*Exercise prompt*: Leave out all pictures while you copy the lines exactly from the one with "Nature Attempts To" through the last line of the listing.

*Data to use*:
▬▬▬

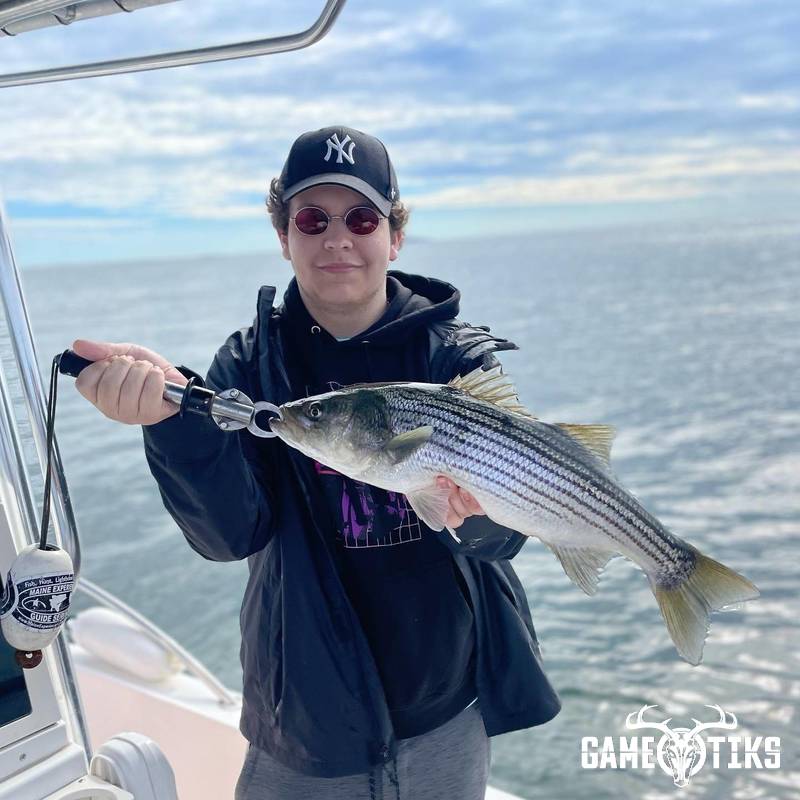 fish harvest by Maine Experience Guide Service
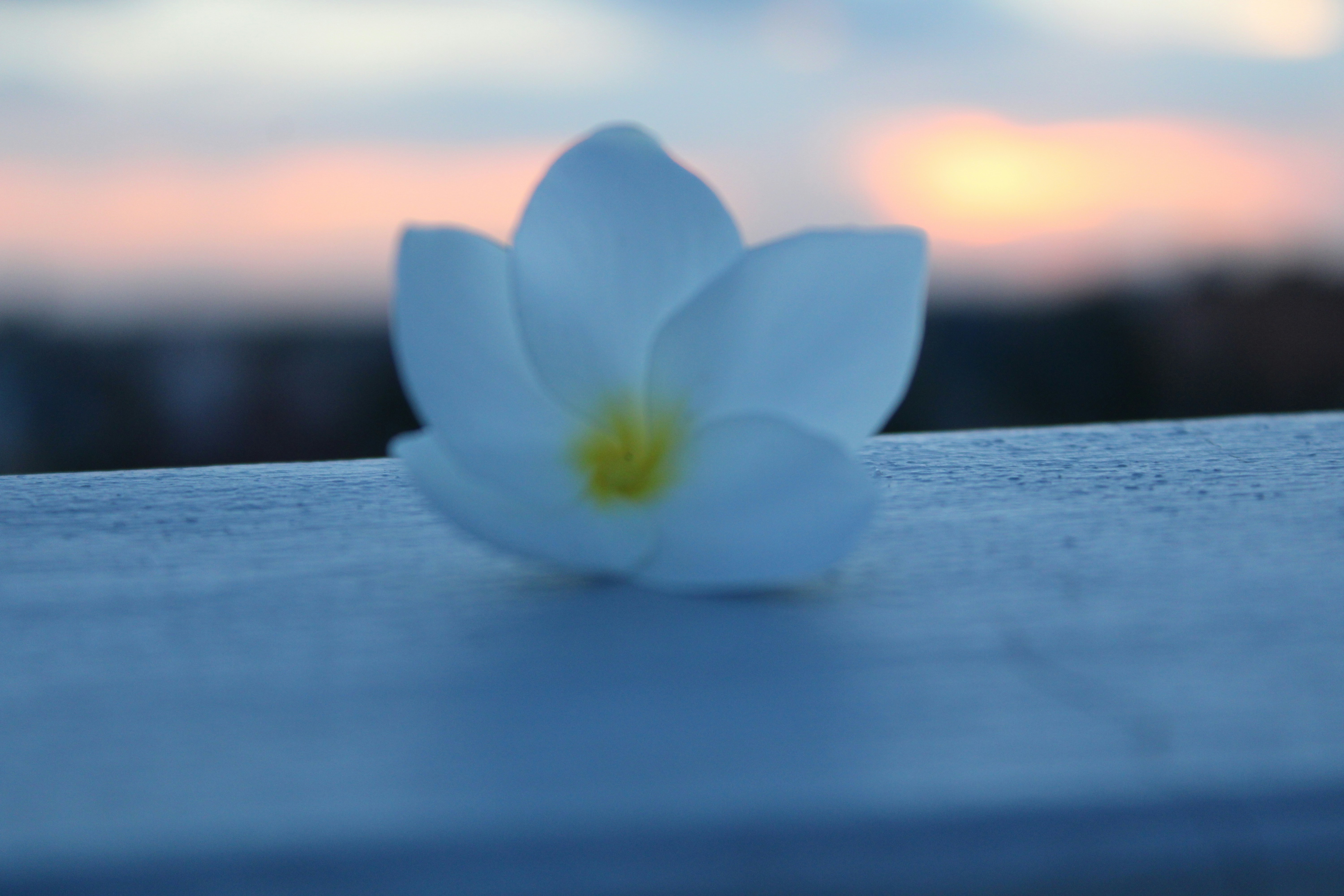 Photo by photoloveramico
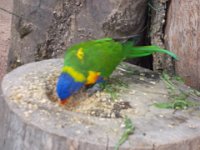 DSCN1097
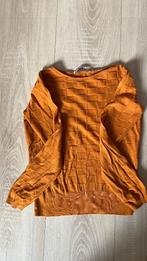 Mooie trui van Froy en Dind, Ophalen of Verzenden, Zo goed als nieuw, Maat 34 (XS) of kleiner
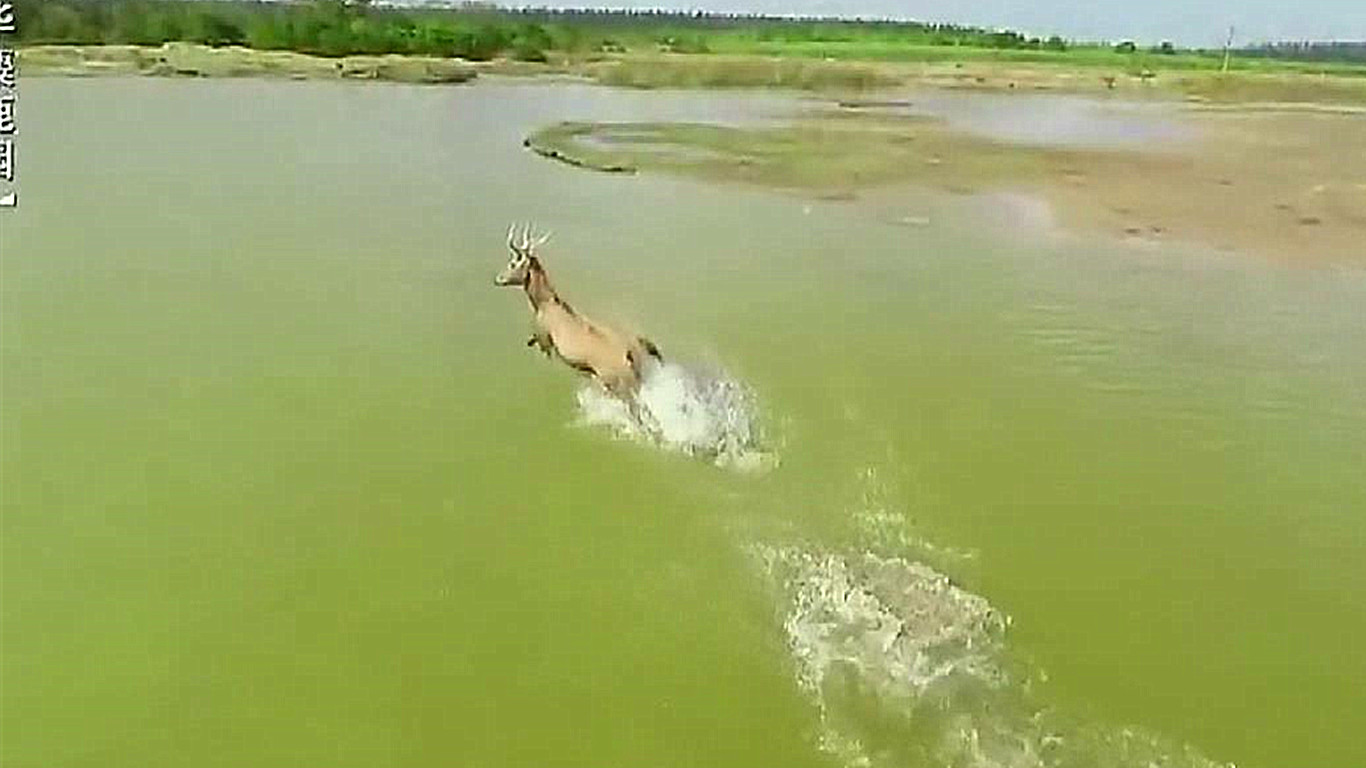 盐城是个美丽的地方,有一种幸福叫东台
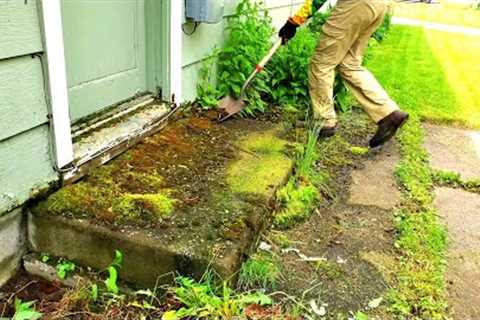 Nature Attempts To Takeover Property | Let's Restore This Mess!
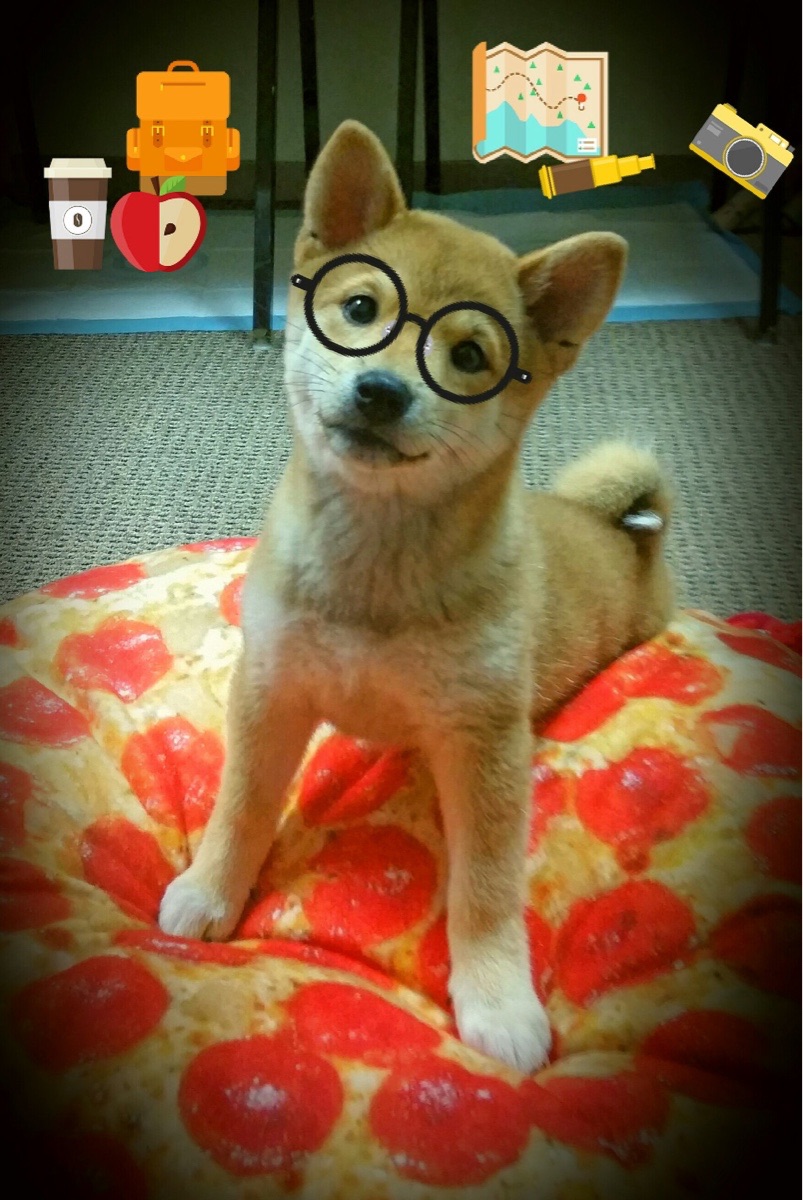 开云体育-当丹佛高原遇上天山脚下，约基奇评分拉满之夜，尼克斯跨越半球客场击败新疆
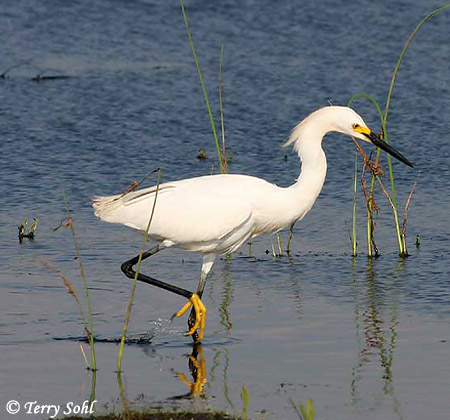 Snowy Egret - Egretta thula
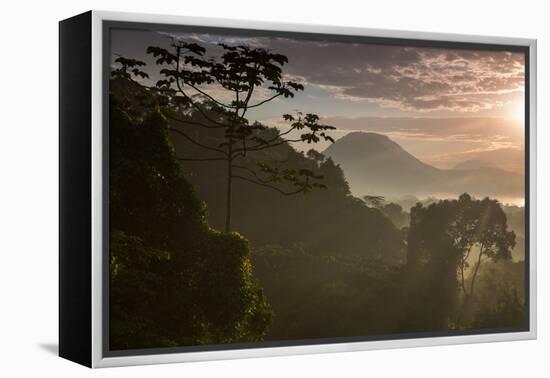 Serra Do Mar Forest in Sao Paulo State in Brazil-Alex Saberi-Framed Premier Image Canvas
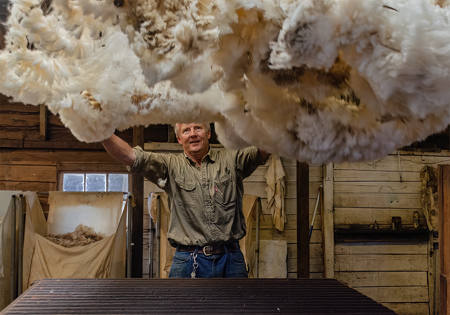 Tossing The Fleece
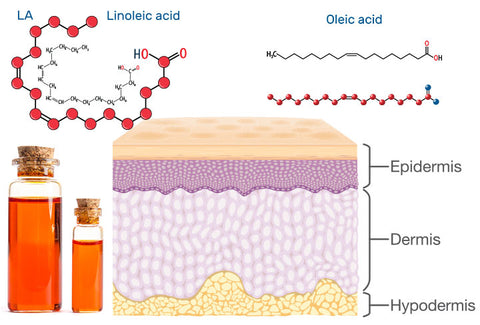 Oleic acid and Linoleic acid are important for skin health. Luckily, they come in their most balanced form in sea buckthorn oil, an oil that's non-comedogenic, and perfect for acne prone skin.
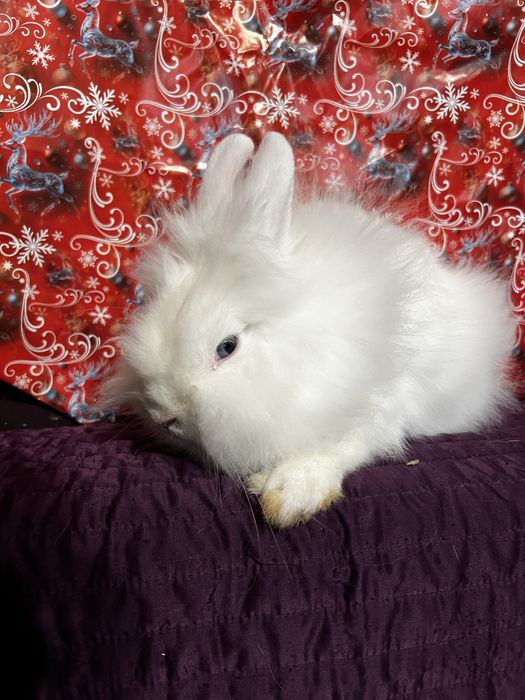 Кролик, хлопчик, декоративний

▬▬▬

*Solution to this exercise*:
 Nature Attempts To Takeover Property | Let's Restore This Mess!
 开云体育-当丹佛高原遇上天山脚下，约基奇评分拉满之夜，尼克斯跨越半球客场击败新疆
 Snowy Egret - Egretta thula
 Serra Do Mar Forest in Sao Paulo State in Brazil-Alex Saberi-Framed Premier Image Canvas
 Tossing The Fleece
 Oleic acid and Linoleic acid are important for skin health. Luckily, they come in their most balanced form in sea buckthorn oil, an oil that's non-comedogenic, and perfect for acne prone skin.
 Кролик, хлопчик, декоративний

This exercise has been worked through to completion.